Миррен качает головой.

— Это просто дурацкая простуда. Я веду себя как маленькая. Принесешь мне имбирный эль?

Я устала спорить. Приношу ей имбирный эль, и мы включает телевизор.

56

 

Утром на газоне Уиндемира я обнаруживаю качели из шины на веревке. Такие же, как висели на огромной старой магнолии перед Клэрмонтом.

Они идеальны.

Точь-в-точь как те, на которых кружила меня бабуля Типпер.

Папа.

Дедушка.

Мама.

Как те, на которых мы с Гатом целовались посреди ночи.

Теперь я помню, как летом-пятнадцать Джонни, Миррен, Гат и я влезли на них все вместе. Но были слишком большими, чтобы всем поместиться. Мы толкались и постоянно менялись местами. Смеялись и жаловались. Обвиняли друг друга в слишком больших задницах. Обвиняли друг друга в плохом запахе и снова менялись местами.

Наконец, мы устроились. Но не смогли кружиться. Мы так сильно прижались к шине, что не могли двигаться.
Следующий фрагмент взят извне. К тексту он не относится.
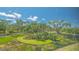 Scenic outdoor view with lush greenery and water features, providing an inviting view from inside the residence at 5242 Manorwood Dr Dr # 3A, Sarasota, FL 34235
Кричали и кричали, чтобы кто-нибудь нас раскатал. Близняшки прошли мимо и отказались помочь. Наконец, из Клэрмонта вышли Тафт с Уиллом и выполнили нашу просьбу. Не переставая ворчать, они толкнули нас кругом. У нас был такой перевес, что стоило им отпустить, как мы закружились быстрее и быстрее, смеясь так сильно, что почувствовали головокружение и тошноту.
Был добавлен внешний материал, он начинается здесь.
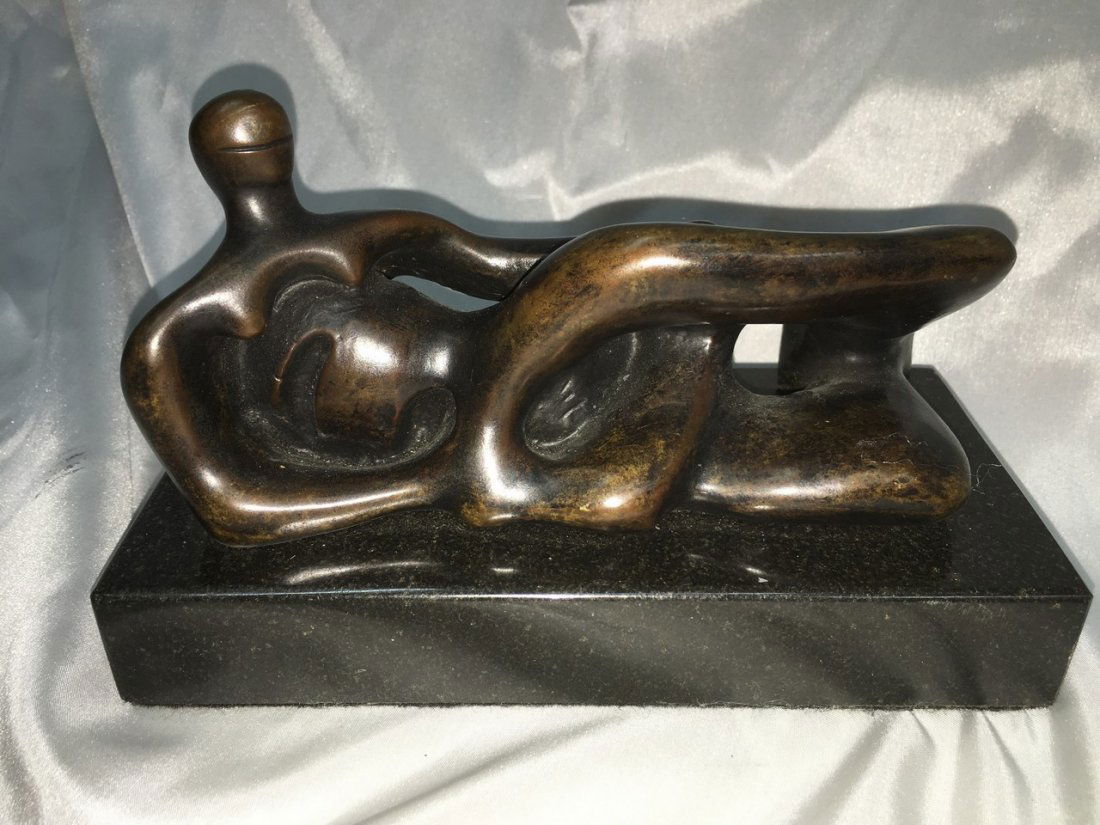 HENRY MOORE ENGLISH BRONZE NUDE SCULPTURE: Henry Moore (ENGLISH, 1898 – 1986). Bronze sculpture depicting an abstract nude. Signed Moore Measures: Bronze: 6" L x 3 1/4"H x 3\"W Base: 7""""L x 3"""" W x 1 1/4"""" H After"""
Все четверо «Лжецов». Теперь я помню.

Новые качели выглядят прочными. Все узлы аккуратно завязаны.

Внутри шины лежит конверт.

Почерк Гата: «Для Кади»

Я вскрываю его.

Оттуда высыпается больше десятка сушеных роз.

57

 

Давным-давно, жил-был король, у которого было три прекрасных дочери. Он дарил им всё, что только сердце желало, и когда прошло время, их свадьбы отмечались великим торжеством. Когда младшая дочка родила девочку, король и королева были вне себя от счастья. Вскоре средняя дочка родила свою девочку, и празднование повторилось.

Наконец, старшая дочь родила близнецов но увы, не таких, как все надеялись. Один близнец был мальчиком, гибким малышом: второй был лишь мышонком.
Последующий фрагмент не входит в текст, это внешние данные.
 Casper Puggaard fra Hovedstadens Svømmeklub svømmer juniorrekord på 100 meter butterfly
Празднований не было. Объявлений о рождении сыновей тоже не последовало.

Старшая дочка сгорала от стыда. Один из ее сыновей был животным. Он никогда не засияет, поцелованный солнцем и благословленный, как ожидали от всех членов королевской семьи.

Дети росли, как и мышонок. Он был умным и всегда чистил усики. Малыш был умнее и любопытнее, чем его брат и кузины.

И всё же, король и королева питали к нему отвращение. Как только появилась возможность, его мать поставила мышонка на ноги, дала ему небольшой мешок с черникой и орехами, и отправила путешествовать по миру.

Мышонок послушался, поскольку достаточно насмотрелся на придворную жизнь, чтобы знать останься он дома, то всегда будет грязным секретом, источником унижения для своей матери и всех, кто его знал.

Он даже не оглядывался на дворец, который служил ему кровом.

Там ему бы никогда не присвоили даже имени. Его существование было позорной тайной.